While both methods use centroid-based criteria, they operate at different representation levels and serve different adaptation strategies: EATA prioritizes informativeness under high-frequency updates, whereas CnDRM prioritizes reliability under sparse updates. The strategies are therefore complementary, not contradictory.
Regarding the integration of EATA and SNAP (as in our EATA+SNAP evaluation), we first apply SNAP’s sample selection criteria (CnDRM) to identify a reliable subset, and then apply EATA’s strategy to that subset. This design ensures compatibility between the two methods.

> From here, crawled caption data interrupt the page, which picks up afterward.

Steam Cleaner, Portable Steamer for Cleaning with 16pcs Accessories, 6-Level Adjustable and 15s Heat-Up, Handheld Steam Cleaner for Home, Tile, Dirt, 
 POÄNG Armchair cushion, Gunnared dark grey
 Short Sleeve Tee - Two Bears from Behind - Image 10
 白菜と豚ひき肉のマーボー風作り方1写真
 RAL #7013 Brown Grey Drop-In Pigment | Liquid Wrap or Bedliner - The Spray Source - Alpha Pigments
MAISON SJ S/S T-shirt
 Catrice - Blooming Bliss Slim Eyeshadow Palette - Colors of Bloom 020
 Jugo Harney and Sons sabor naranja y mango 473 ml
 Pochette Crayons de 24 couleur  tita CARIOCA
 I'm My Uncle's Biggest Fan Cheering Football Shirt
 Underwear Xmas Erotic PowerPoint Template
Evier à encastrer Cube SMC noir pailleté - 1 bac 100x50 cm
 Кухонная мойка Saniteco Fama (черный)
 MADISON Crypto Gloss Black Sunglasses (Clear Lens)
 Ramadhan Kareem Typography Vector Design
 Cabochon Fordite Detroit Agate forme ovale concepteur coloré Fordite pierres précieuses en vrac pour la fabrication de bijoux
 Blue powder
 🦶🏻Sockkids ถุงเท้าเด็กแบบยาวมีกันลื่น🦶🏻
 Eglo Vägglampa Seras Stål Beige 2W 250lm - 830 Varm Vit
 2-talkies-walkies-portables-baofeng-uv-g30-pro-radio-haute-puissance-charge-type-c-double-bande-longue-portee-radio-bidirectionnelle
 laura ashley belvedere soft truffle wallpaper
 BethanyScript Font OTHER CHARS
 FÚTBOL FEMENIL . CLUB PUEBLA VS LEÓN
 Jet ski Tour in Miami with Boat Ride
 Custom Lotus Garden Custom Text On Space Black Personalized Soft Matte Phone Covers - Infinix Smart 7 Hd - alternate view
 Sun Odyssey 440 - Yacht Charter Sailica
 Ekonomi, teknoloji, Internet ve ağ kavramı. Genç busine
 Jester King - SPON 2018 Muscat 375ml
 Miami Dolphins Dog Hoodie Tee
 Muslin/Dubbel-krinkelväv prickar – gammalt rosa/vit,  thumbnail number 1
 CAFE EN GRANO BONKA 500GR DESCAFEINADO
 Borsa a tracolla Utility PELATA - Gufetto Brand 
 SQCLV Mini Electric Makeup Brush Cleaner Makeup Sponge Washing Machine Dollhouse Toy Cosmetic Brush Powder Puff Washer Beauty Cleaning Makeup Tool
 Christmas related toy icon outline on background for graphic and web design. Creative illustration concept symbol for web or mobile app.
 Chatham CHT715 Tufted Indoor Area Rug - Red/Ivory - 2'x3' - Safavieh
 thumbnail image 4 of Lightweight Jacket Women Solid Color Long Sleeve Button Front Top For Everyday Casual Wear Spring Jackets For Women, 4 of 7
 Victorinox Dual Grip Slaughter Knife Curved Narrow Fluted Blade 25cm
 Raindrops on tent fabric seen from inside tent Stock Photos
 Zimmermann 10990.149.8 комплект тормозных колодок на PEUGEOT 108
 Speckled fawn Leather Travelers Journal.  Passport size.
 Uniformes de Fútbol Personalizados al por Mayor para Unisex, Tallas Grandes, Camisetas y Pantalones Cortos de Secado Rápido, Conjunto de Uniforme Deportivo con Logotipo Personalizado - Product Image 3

We will clarify this distinction and sampling logic more explicitly in our final manuscript.
Reference
[r1] Y. Li, N. Wang, J. Shi, J. Liu, and X. Hou, “Revisiting Batch Normalization for Practical Domain Adaptation.” ICLR 2017.
[r2] E. F. Montesuma, F. M. N. Mboula, and A. Souloumiac, “Optimal Transport for Domain Adaptation through Gaussian Mixture Models.” TMLR 2025.
Dear Reviewer Vzgx,
Thank you once again for your thoughtful and constructive review.
We have carefully addressed all the questions and concerns you raised in our rebuttal. As the discussion period is coming to an end, we just wanted to gently remind you in case you haven’t had a chance to revisit our response.
If there are any remaining concerns or points requiring clarification, we would be happy to elaborate.
We would be grateful if you could take our responses into consideration when finalizing your evaluation.
Best regards, Authors
Thanks for your rebuttal and apologize for my misunderstanding regarding W1. I don't have any more concerns regarding the "weakness" part. I suggest the author to revise the paper with more details given in the rebuttal.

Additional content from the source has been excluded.